In February 2015, Nosler announced plans to expand their long-standing operations in Bend, Oregon to their neighboring city of Redmond, where the company purchased 60 acres of undeveloped land in December 2014. Construction of a 30,000 sq. ft. building is planned for completion in 2016 and will house Nosler's growing ammunition and cartridge brass operations, including the manufacturing of their SSA by Nosler product line based on the company's acquisition of Silver State Armory in 2013. The expansion is expected to add approximately 20 jobs in Central Oregon and will allow the original Bend plant to focus exclusively on bullet production.

==Company developments==
In 2006 Nosler announced its very first rifle offering, the Model 48 Trophy Grade.

Nosler announced the company's first proprietary cartridge, the 26 Nosler, as the world's most powerful 6.5mm cartridge commercially available during SHOT Show in January 2014. In January 2015, Nosler introduced the company's second cartridge, the 28 Nosler, a 7mm rifle cartridge based on the 26 Nosler case. Since their release, the 26 Nosler and 28 Nosler have been known for high muzzle velocities and extremely flat trajectories. The parent case for both cartridges is based on the .300 Remington Ultra Magnum case.

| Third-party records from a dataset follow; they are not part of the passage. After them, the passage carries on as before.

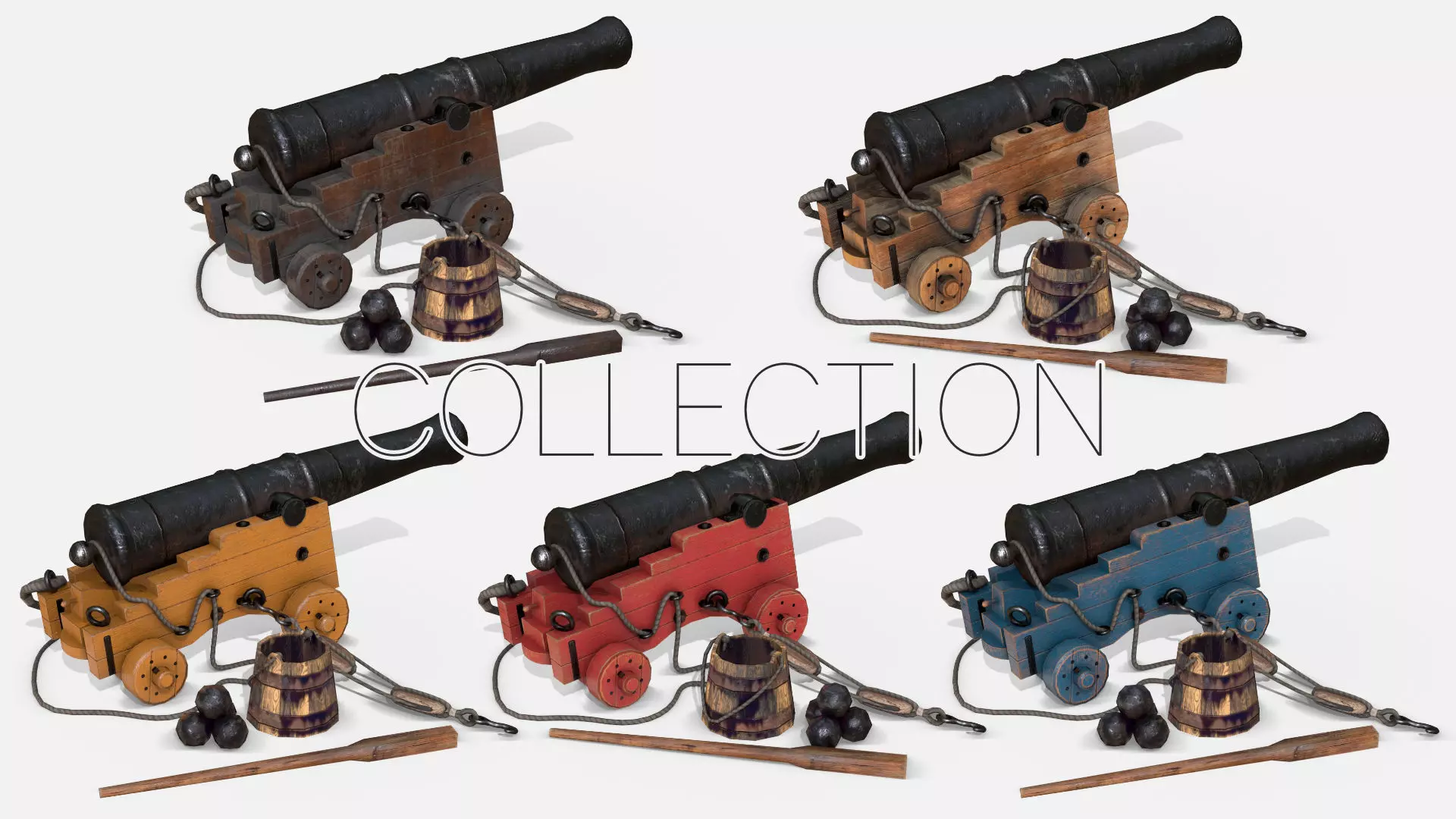 Old Naval Cannons Collection _0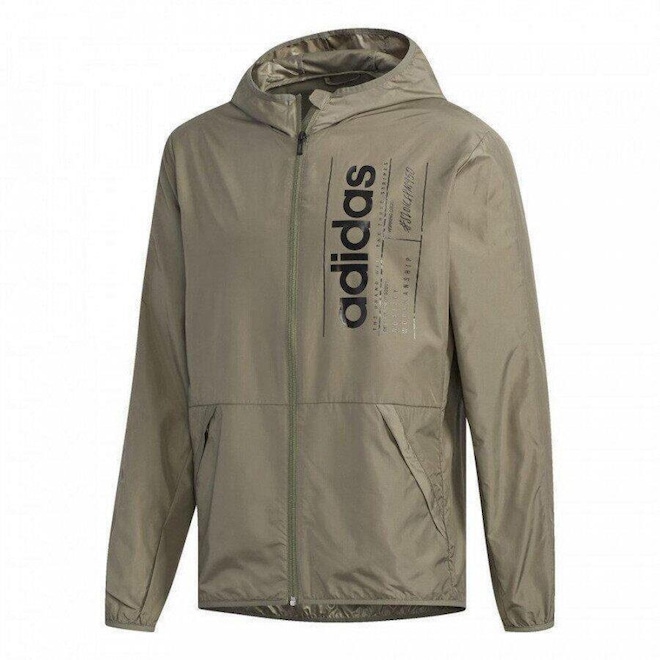 Jaqueta Corta-Vento com Capuz adidas BB Windbreaker - Masculina - Foto 1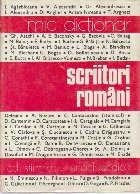 Scriitori romani (Mic dictionar)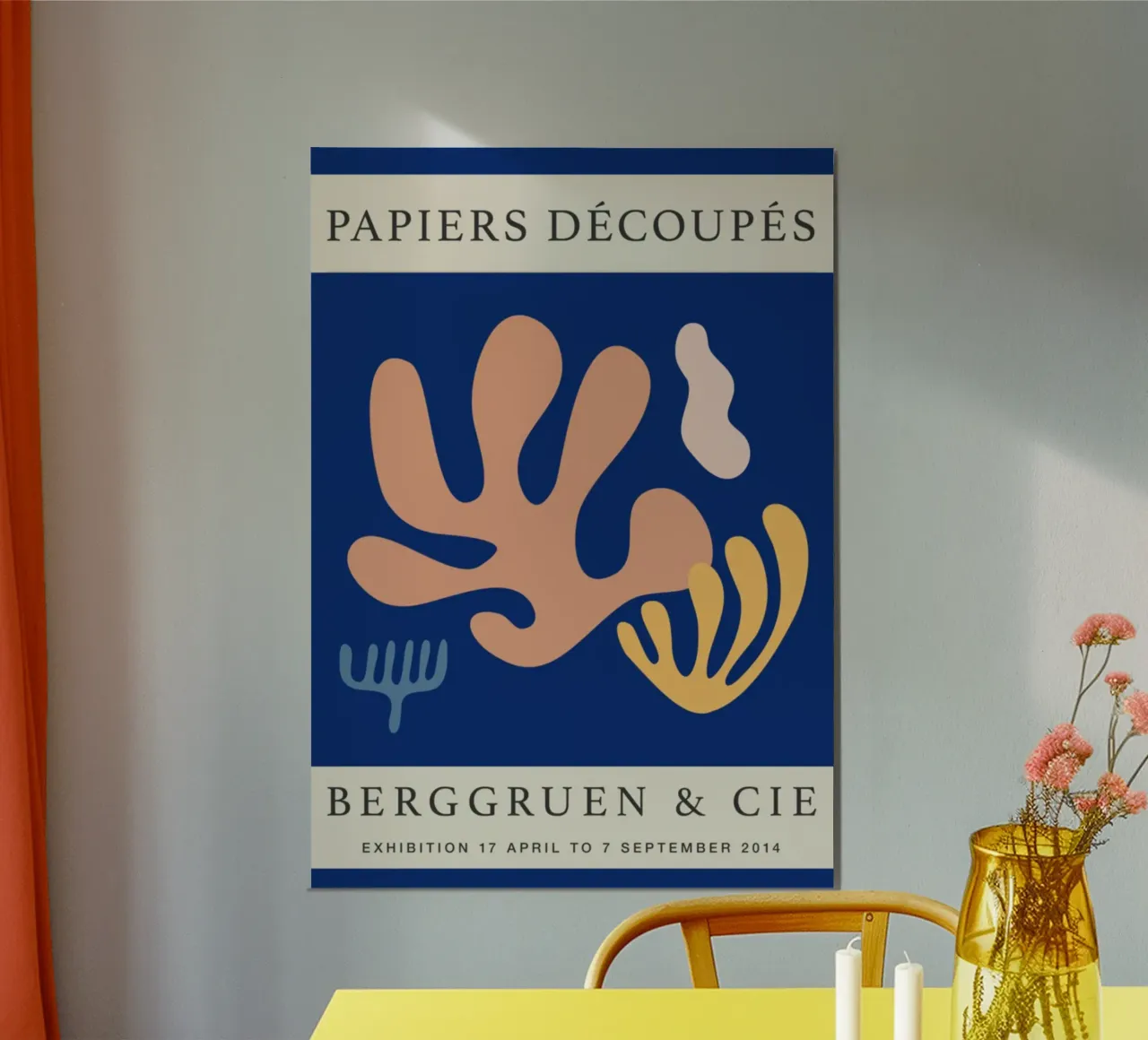Matisse Papiers Découpés Impresión Coral Abstracta - Berggruen poster de homdeco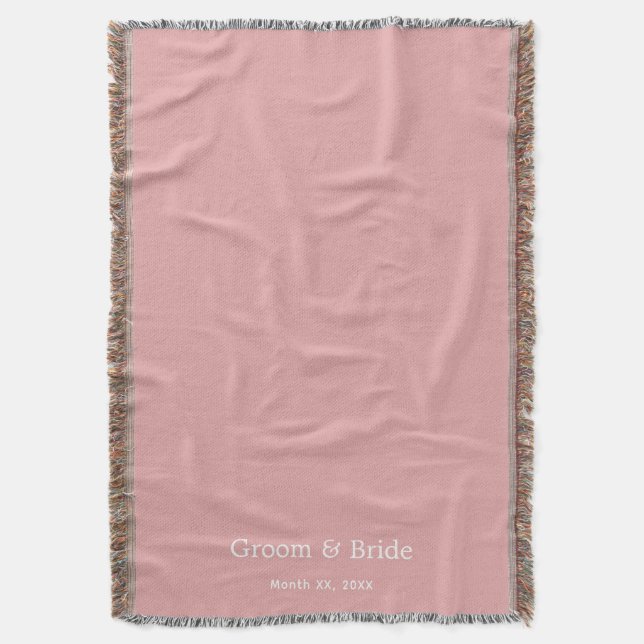 Couverture Mariage élégant personnalisé avec écriture manuscr (devant Vertical)
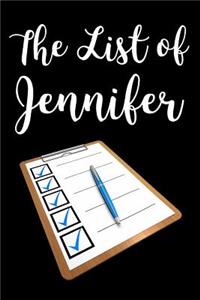 The List of Jennifer
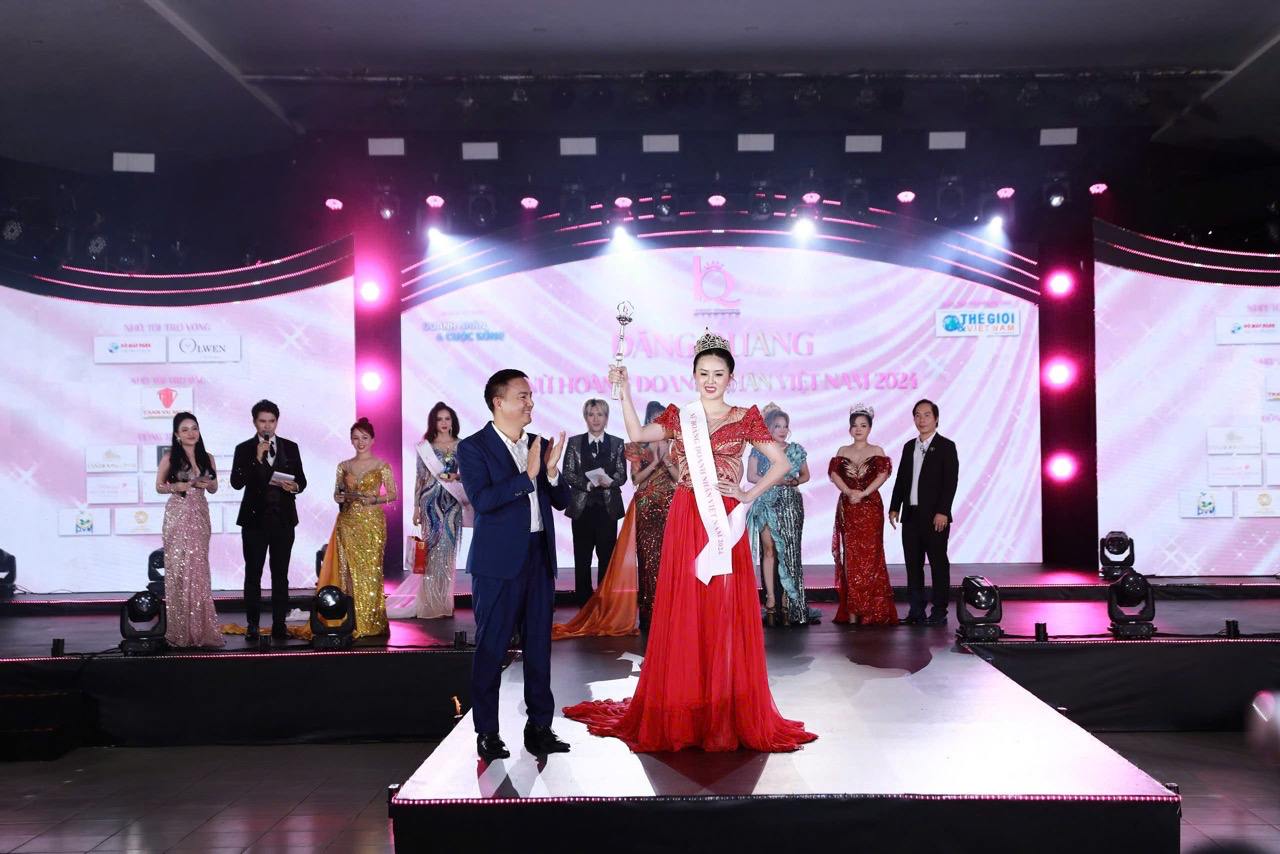 Anh Thu is the Queen of Vietnamese Entrepreneurs. Photo: Organizing Committee.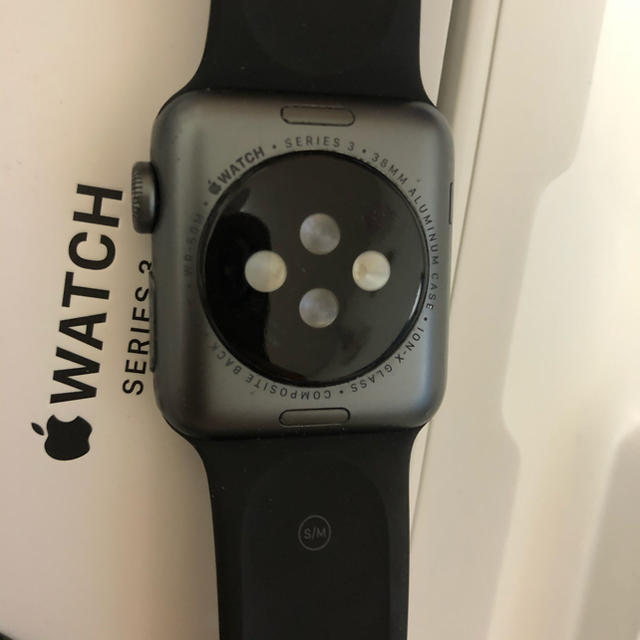 Apple Watch series3 GPS 38mmの通販 by Ⓜ︎｜アップルウォッチならラクマ Watch - おまけ付き★Apple 格安人気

In October 2014, Nosler introduced Ballistic Tip Ammunition as the latest product offering in their factory loaded ammunition. The ammunition is loaded exclusively with Nosler's line of Ballistic Tip hunting bullets, a polymer-tipped projectile made popular by the company when introduced in 1984 as a premium choice for hunting medium-sized game such as deer, antelope and wild hogs. The Ballistic Tip Ammunition line pairs the performance of the Ballistic Tip projectile with Nosler's own component brass.

Late 2014 Nosler revamped the Model 48 line. It did away with the Trophy Grade Rifle and replaced it with the Patriot Rifle. The new rifle has a Basix trigger and Bell and Carlson stock. For the most accuracy out of the Patriot, Nosler incorporated an aluminum bedding chassis into the aramid-fiber reinforced carbon fiber stock, and the barrel is free-floated. The stock is a hand laid-up laminate that is elephant gray with black epoxy webbed over the surface. Which means it's never going to warp or crack. The comb is straight with a pancake cheekpiece and a thick, solid pistol grip. The Patriot rifle chambered in .26 Nosler should be an effective hunting combination from the mountains to the prairies.

Early 2016 Nosler introduced its third cartridge the .30 Nosler.

October 2016 Nosler introduces a new line of Competition / Target Bullets - RDF Bullets

October 2016 Nosler introduces the .33 Nosler

January 2017 Nosler introduced the .22 Nosler.